新歩道橋818回

2012年9月11日更新


  
 いきなり出て来たのが〝がや〟という魚の煮つけ。別名が〝えぞめばる〟で、東京で喰らうめばるよりかなり大きいから兄貴分か。脂が乗ってめっぽううまいから、やっぱり焼酎の水割りをいく。聞けばその朝、作詞家里村龍一が釣ったものだそうで、入れ食いで100匹以上の釣果だったと言う。8月25日、北海道・鹿部カントリークラブの食堂。午後1時過ぎで、僕は東京から飛び込んだばかりだ。
 鹿部といえば、亡くなった作詞家星野哲郎が毎夏、20何年か通った漁師町。里村と岡千秋が助さん格さんよろしくお供をし、僕も「助さんと格さん」の「と」としてずっと同行した。その「と」の僕が、とるものもとりあえず駆けつけた理由は、この日に町の有力者・道場水産の道場登社長の快気祝いがあったせい。この人は自称星野哲郎北海道後援会会長で、骨の髄まで彼の信奉者。星野の鹿部ぶらり旅を、物心両面で見事に支えた資力と心意気の持ち主だ。
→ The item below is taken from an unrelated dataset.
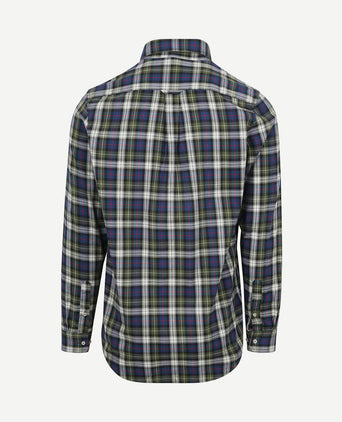 Overhemd flanel checks groen blauw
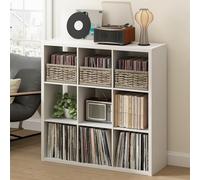Furinno CUBICLE Mobile per Giradischi con Raccoglitore per Vinili, 9-Cube 1.2 Extra Spesso Raccoglitore per Dischi in Vinile, Scaffale Multimediale Aperto sul Retro per CD DVD Dischi, Bianco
 そう書けば、でっぷり大柄な金満経営者タイプと連想されそうだ。確かに一代で功も名もとげたサクセスおじさんだが、これが少年みたいに輝く眼をした、小柄な老青年。
 「星野先生は、めんこいなあ」
 と、感に耐えぬ感想を連発しながら、朝から酒、ゴルフの間も酒、夜も酒…の日々が長かった。人を愛し、地域を愛し、流行歌を愛する好人物で、里村、岡と僕は〝たらこの親父〟と呼びならわして来た。還暦と長男の結婚を祝って、星野が「嬉し涙の登ちゃん」という歌を書き、島津亜矢の歌でCD化したこともある。古稀の祝いには「鹿部コキコキ節」を作って、岡千秋が歌ったものだ。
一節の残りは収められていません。